» **Work instruction**
Begin at the line that holds "Aloo Tikki Chaat" and retype every line through the end of the material, both included. Leave out the pictures.

» **Stored data**
----

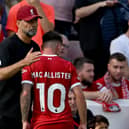 Alexis Mac Allister of Liverpool with Jurgen Klopp manager of Liverpool after being shown a red card during the Premier League match between Liverpool FC and AFC Bournemouth at Anfield on August 19, 2023 in Liverpool, England. (Photo by Andrew Powell/Liverpool FC via Getty Images)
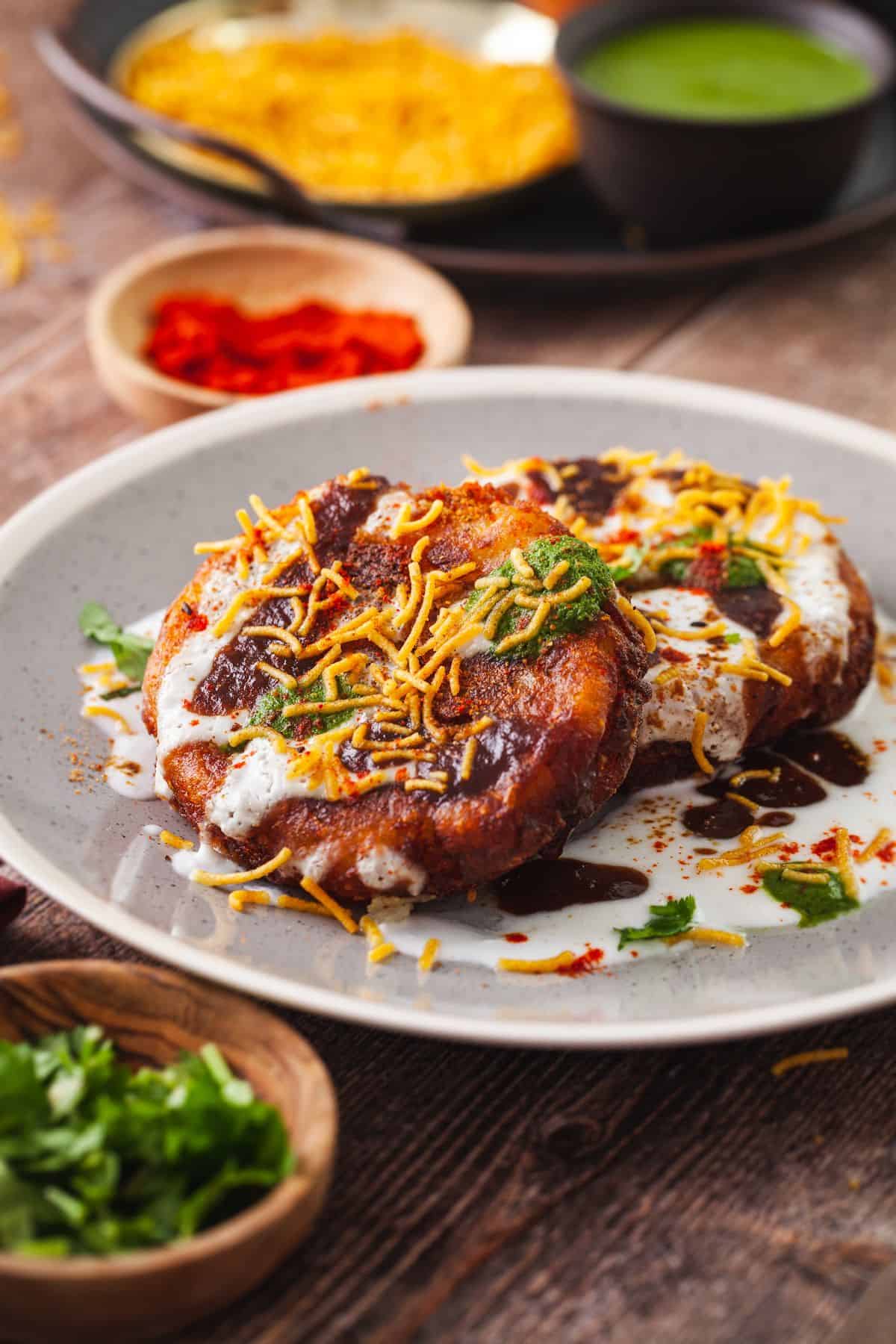 Aloo Tikki Chaat served on a grey colored plate with chaat toppings.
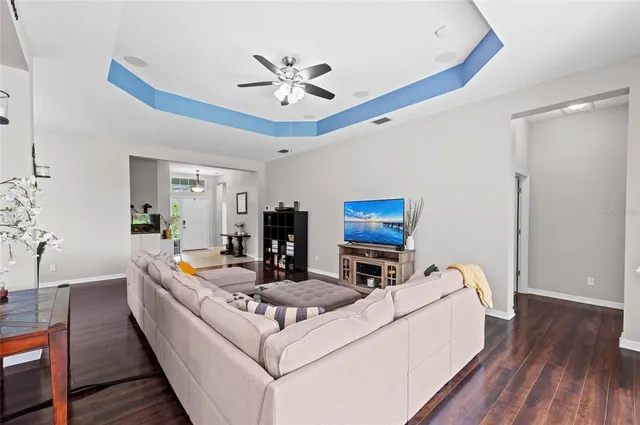 a view of a dining room with furniture and wooden floor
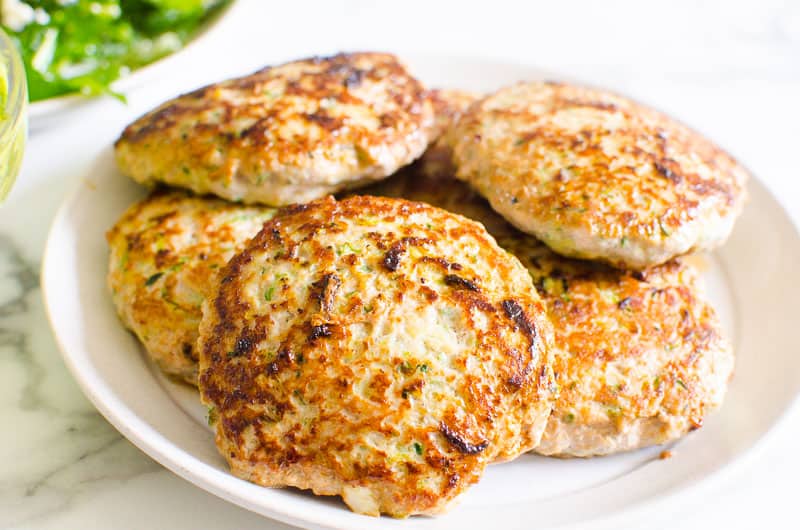 Turkey burger patties with zucchini on a plate.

----

» **Answer to this exercise**
 Aloo Tikki Chaat served on a grey colored plate with chaat toppings.
 a view of a dining room with furniture and wooden floor
 Turkey burger patties with zucchini on a plate.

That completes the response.